Sennacherib built his great city of Nineveh in about 700 BC. Complete, undamaged mudbrick (adobe) buildings have been excavated. They have been lying underground, buried in sand, for 2700 years!
On the loess plains of China, people build endless mudbrick windbreaks that stand out in the open for many years. The top of the wall is sloped so that rainwater runs off, and they make a thatch from grass as a little roof.
I have often built experimental earth walls, trying out different techniques and materials. The wall is left out in the open, completely exposed to the weather. The poorest wall stood up to two wet winters before collapsing in a storm. The best stood there for five years without appreciable damage.
2. Is it cheaper to use mudbricks?
Depends on what you define as a 'cost'. A CSIRO study showed that if you cost all materials and all labor, and do all work on site (no prefabricated components), a mudbrick house and a brick veneer house of the same size and design will cost exactly the same.

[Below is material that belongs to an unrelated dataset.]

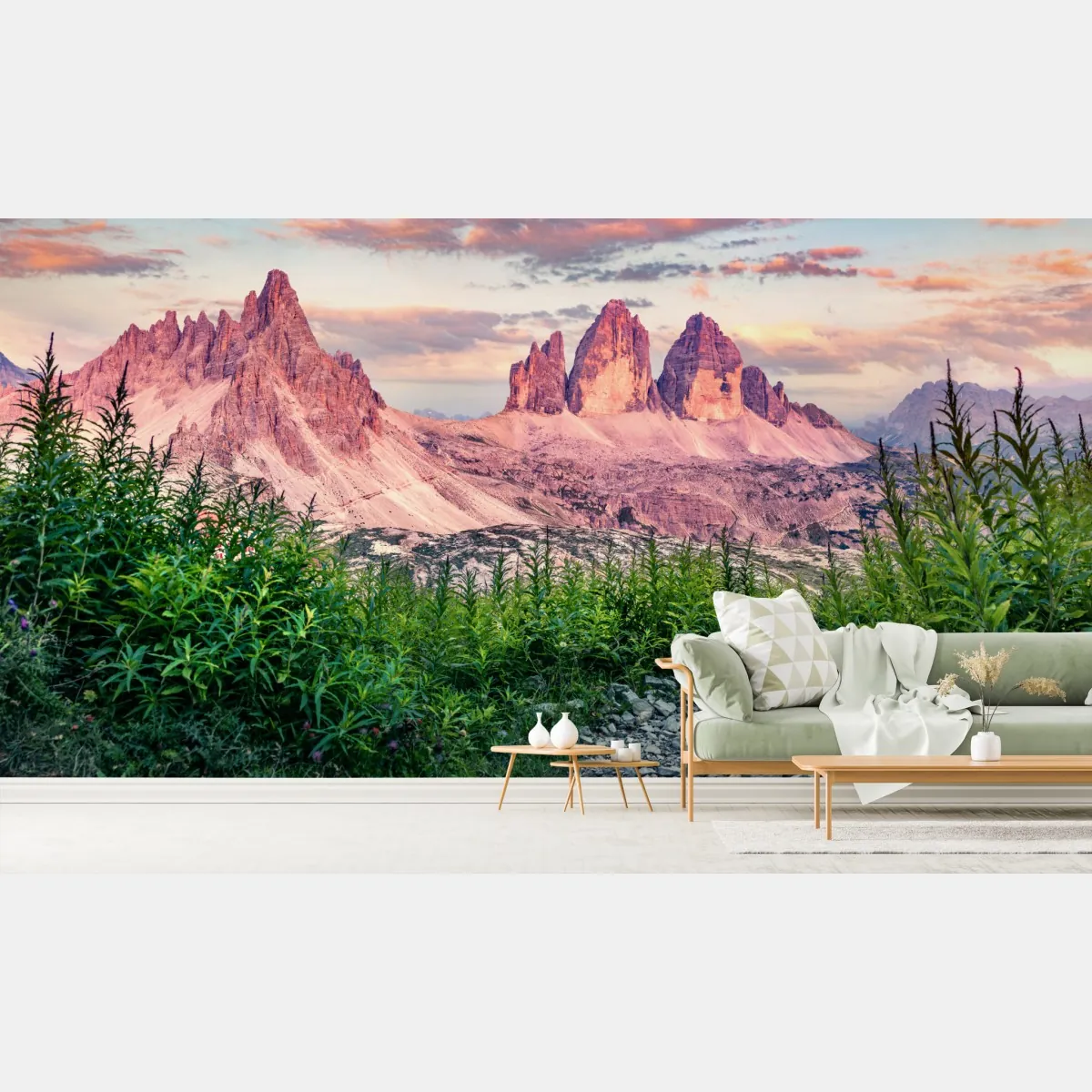 Fototapeta zachód słońca w Tre Cime di Lavaredo – Wallissimo® Fototapeta zachód słońca w Tre Cime di Lavaredo – Wallissimo®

Mudbricks have a very high labor content. Rammed earth (pise) and poured earth (formwork cob) are much more efficient techniques. Depending on circumstances, they need between one-half to one-fifth of the labor content per volume of wall. Therefore, even if you pay for all labour, a rammed earth or poured earth house is cheaper than a brick veneer.
If you do some or all of the work yourself, you can trade off between time and cash. My house cost me $10,000 for materials, and nothing for labour (though I bartered work in various ways). Others have built even cheaper. Mudbricks are cheaper than other earth building techniques. Rammed earth often needs cement, and even a small proportion like 5% adds up when you build a whole house with 12 inch thick walls. Poured earth using sandly soil needs even more cement. Both these techniques need formwork, which also costs money.

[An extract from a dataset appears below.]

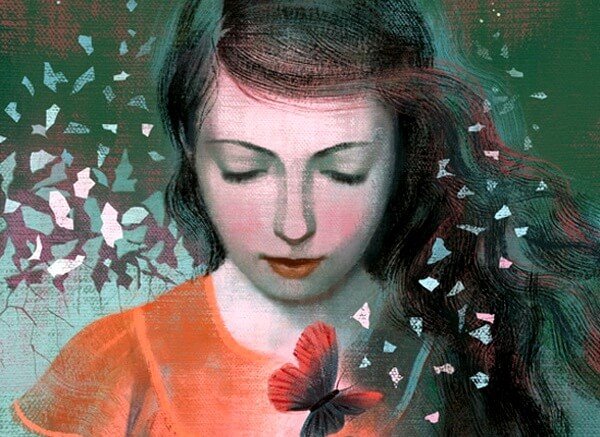 Kvinde med rød blomst har et koldt hjerte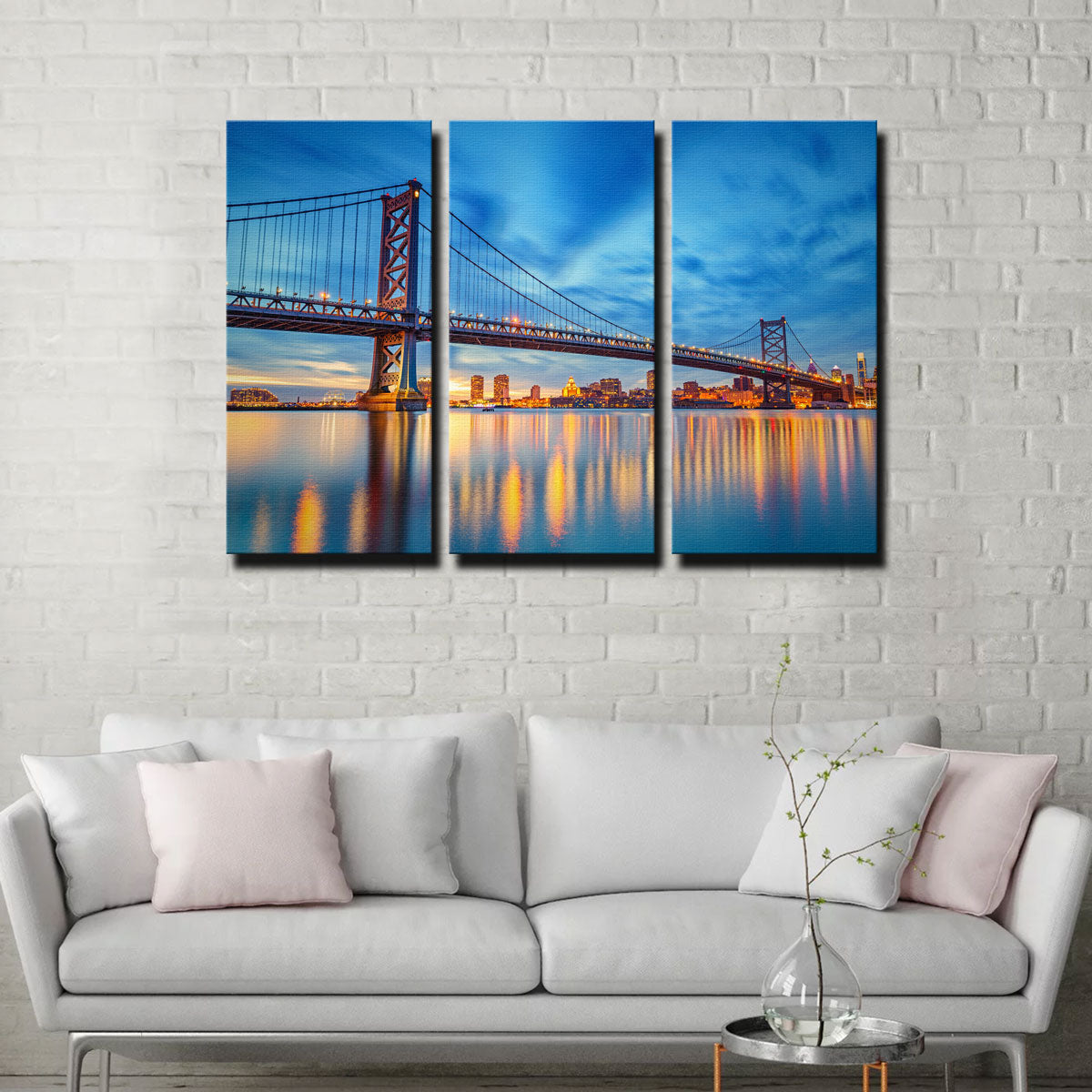 Ben Franklin Bridge Wall Art - Premium Sustainable Pine Wood Framed Canvas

3. What is better, adobe or pise?
Currently, I am displaying a section from the Earth Garden Building Book discussing this issue.
4. How much can I expect to pay for suitable soil?
use a self-propelling rotary hoe to break up the soil,
Earth Garden Building Book
Low environmental cost is one of the benefits of building with earth, provided you use the soil right there, on the site. Middleton, in Build your House of Earth estimated that all the exterior and interor walls of a mudbrick house can be built from six inches of soil removed from the site. Levelling a slightly sloping site will give you more than enough raw material for the walls, provided you don't mix up different layers. Or you can excavate a hole for an in-ground swimming pool.
Soil is heavy. Carting it around converts fossil fuel into air pollution.
A suitable technique can be found or developed for ANY soil.
Of course, building with some soils is very hard work. If your building block has heavy, sticky alluvial clay, your mudbricks will be excellent but making them may wear you out. The solution might be to sell the block and buy elsewhere. This is better than carting many tons of stuff. Or you can reduce the labour content and difficulty through ingenuity, for example
use a self-propelling rotary hoe to break up the soil,
The Earth Garden Building Bookhas many such ideas, and you will find even more in back issues of EARTH GARDEN magazine.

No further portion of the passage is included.